## Records shown

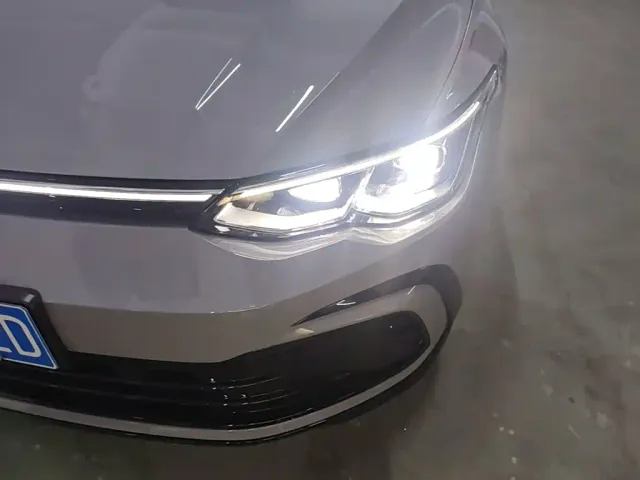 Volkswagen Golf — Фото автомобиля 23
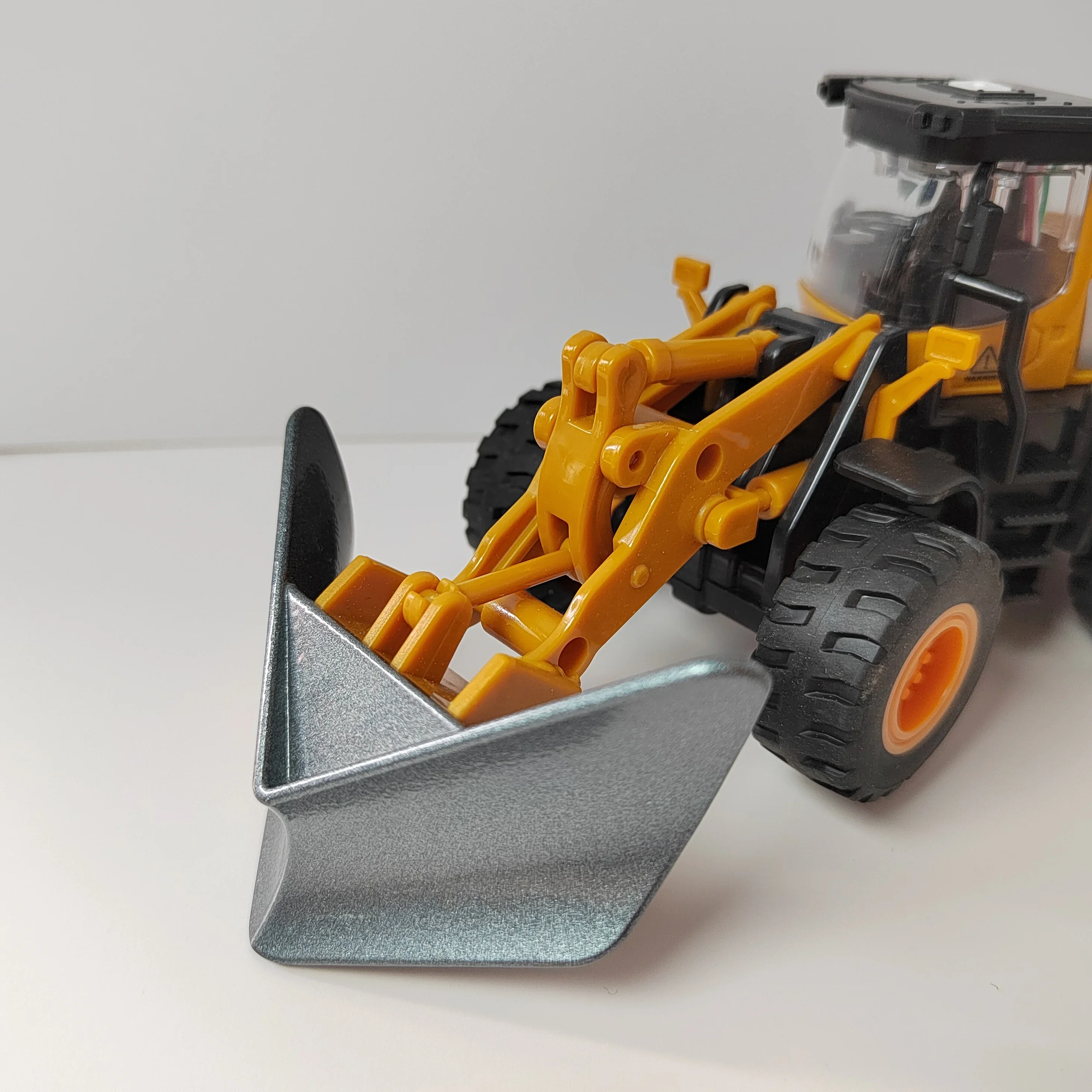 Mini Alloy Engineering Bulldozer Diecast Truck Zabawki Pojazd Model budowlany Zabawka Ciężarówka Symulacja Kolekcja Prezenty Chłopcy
* * *
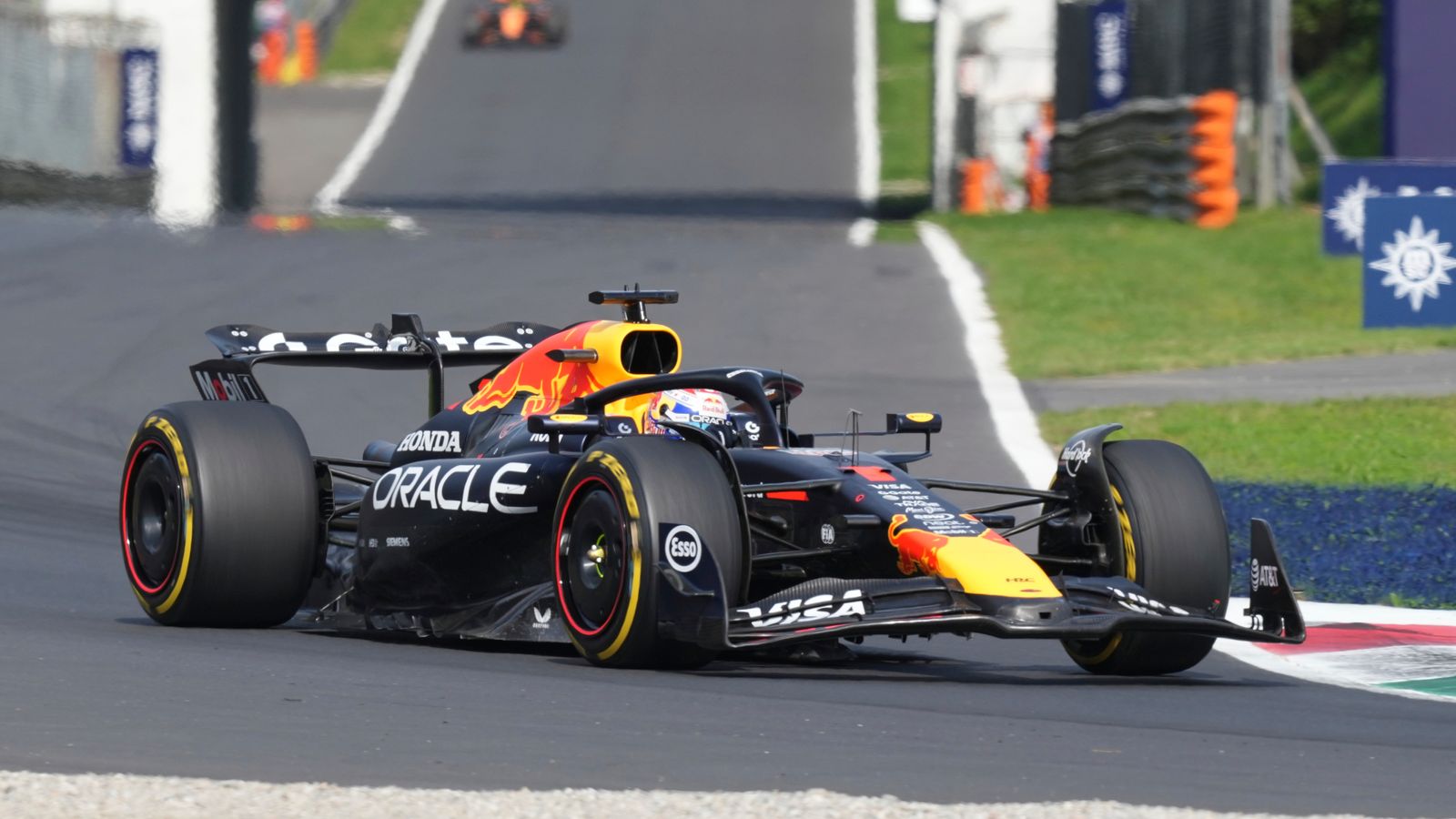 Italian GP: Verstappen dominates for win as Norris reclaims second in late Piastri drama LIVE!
==
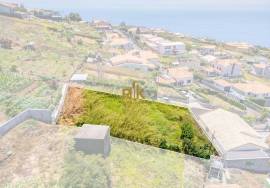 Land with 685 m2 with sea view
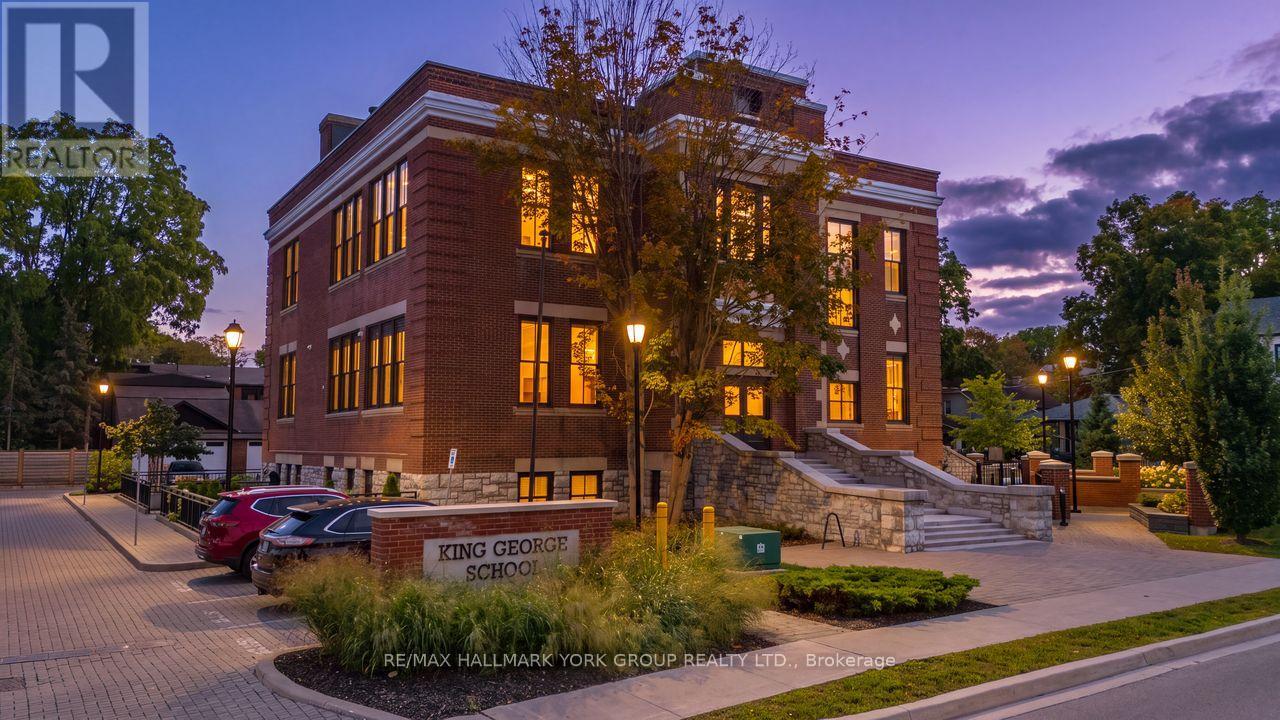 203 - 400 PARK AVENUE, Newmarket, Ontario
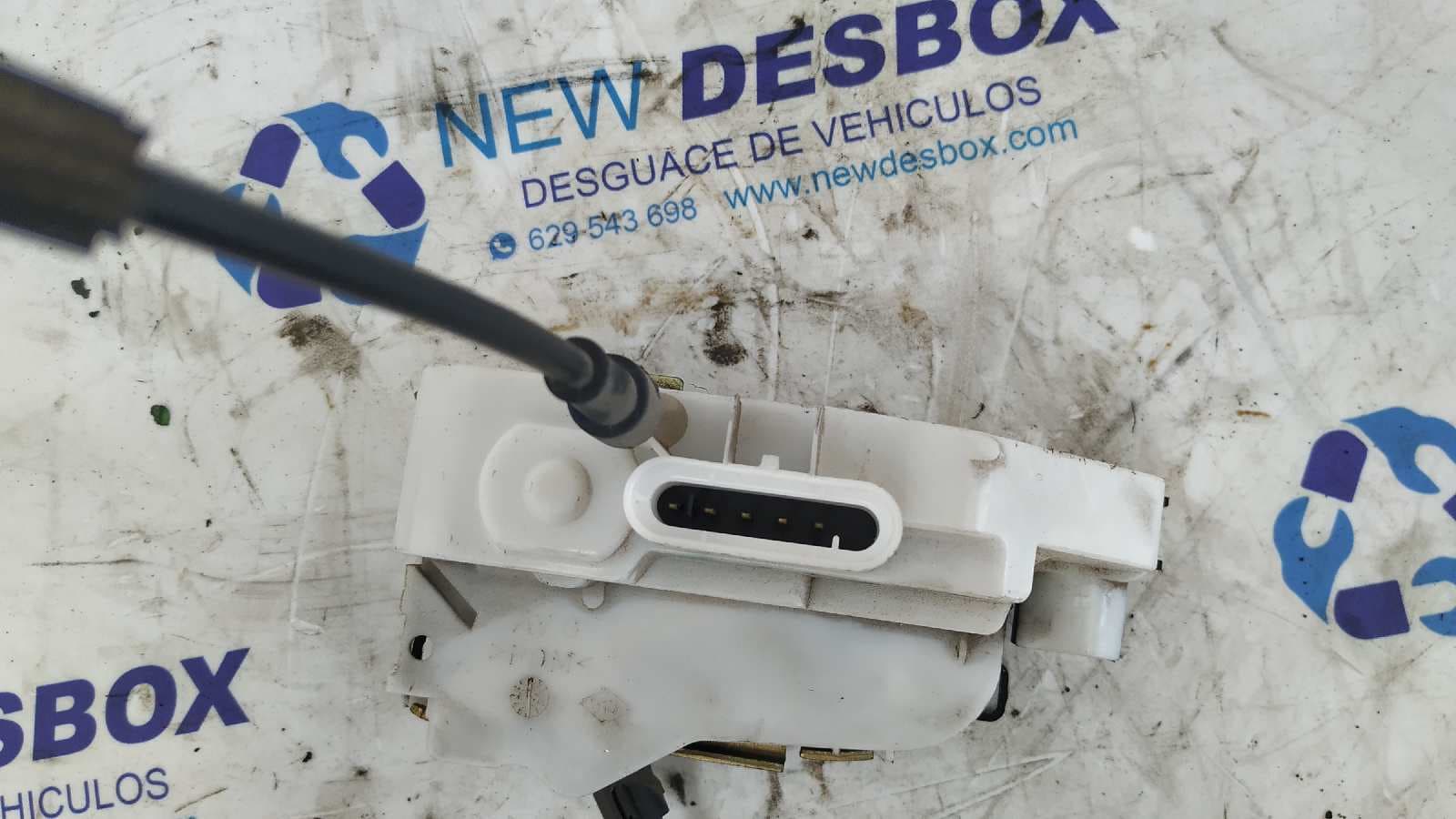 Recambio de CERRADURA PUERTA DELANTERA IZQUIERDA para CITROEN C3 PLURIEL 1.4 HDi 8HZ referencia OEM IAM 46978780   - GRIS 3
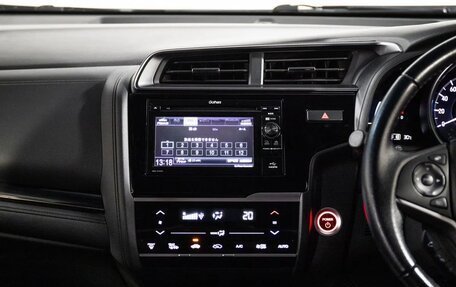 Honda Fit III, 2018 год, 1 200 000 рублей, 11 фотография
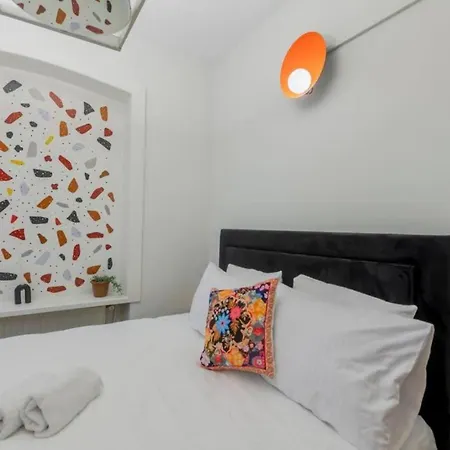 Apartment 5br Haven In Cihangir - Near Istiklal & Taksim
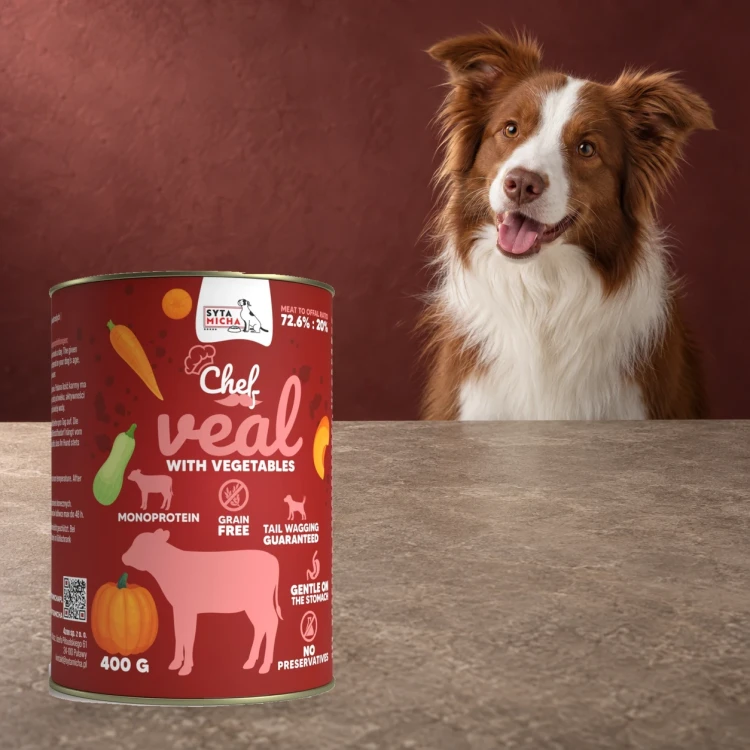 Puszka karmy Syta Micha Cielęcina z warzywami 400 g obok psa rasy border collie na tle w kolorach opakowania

## Your assignment
Between and including the line with "Apartment 5br Haven" and the line with "Puszka karmy Syta", repeat every line exactly as it appears above, with pictures left out.

## Written reply
 Apartment 5br Haven In Cihangir - Near Istiklal & Taksim
 Puszka karmy Syta Micha Cielęcina z warzywami 400 g obok psa rasy border collie na tle w kolorach opakowania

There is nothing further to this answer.